Ancora in forte calo Paesi OPEC e Turchia.
Il Giappone, che ha una popolazione doppia e un PIL pro-capite superiore del 10% a quello italiano, è molto interessato al nostro cibo e al nostro abbigliamento (scarpe comprese), in ciò favorito dell’ Economic Partnership Agreement siglato recentemente con la UE (JEFTA). I prodotti agroalimentari, in particolare, godono di maggiori tutele ed esenzioni e riduzioni tariffarie. I consumi di vino, ad esempio, sono cresciuti notevolmente negli ultimi anni, ed ora si stanno affermando anche i salumi e i formaggi. I consumi interni dei giapponesi sono infatti molto concentrati (per oltre ¼) nel comparto agroalimentare, che manifesta una crescita piatta (+0,9% a maggio contro +0,7% tendenziale a giugno dei prezzi al consumo). È presumibile pertanto che si stia realizzando un effetto sostituzione dai prodotti locali ai nuovi prodotti di importazione mano a mano che i gusti europei prendono piede.

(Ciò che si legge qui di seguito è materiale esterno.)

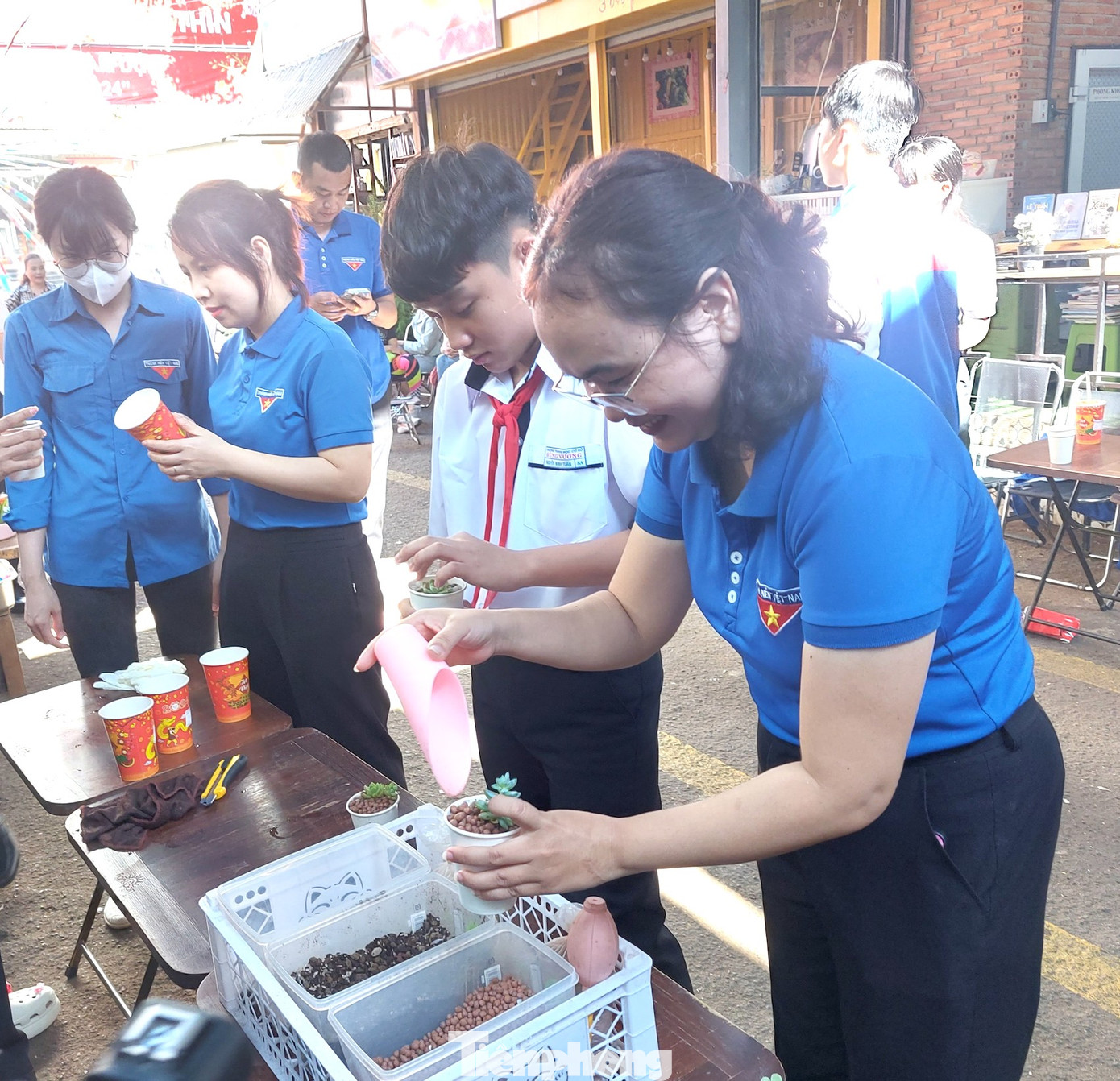 Ngày 23/2, Thành Đoàn Buôn Ma Thuột, Đắk Lắk phối hợp với các đơn vị tổ chức chương trình “Ngày hoạt động vì môi trường”.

Una spinta viene dal cambio euro yen, il cui trend permane ribassista.
All’estremo opposto la Turchia, che continua a perdere posizioni, anche se il calo dell’export italiano ha leggermente rallentato. Il Belpaese è il quinto partner commerciale (dopo Germania, Russia, Cina e Usa) con numerose aziende attive in Turchia. In forte calo l’export italiano di alcuni settori a maggior valore aggiunto, come autoveicoli e relativi accessori, ma diminuzioni registrano anche le materie plastiche e le macchine tessili. Le piccole e medie aziende sono le più esposte in quanto non sempre risultano coperte sul rischio di controparte. Inoltre le incognite riguardano l’immediato futuro, e le mosse sulla scelta del taglio dei tassi dopo il licenziamento del governatore della banca centrale.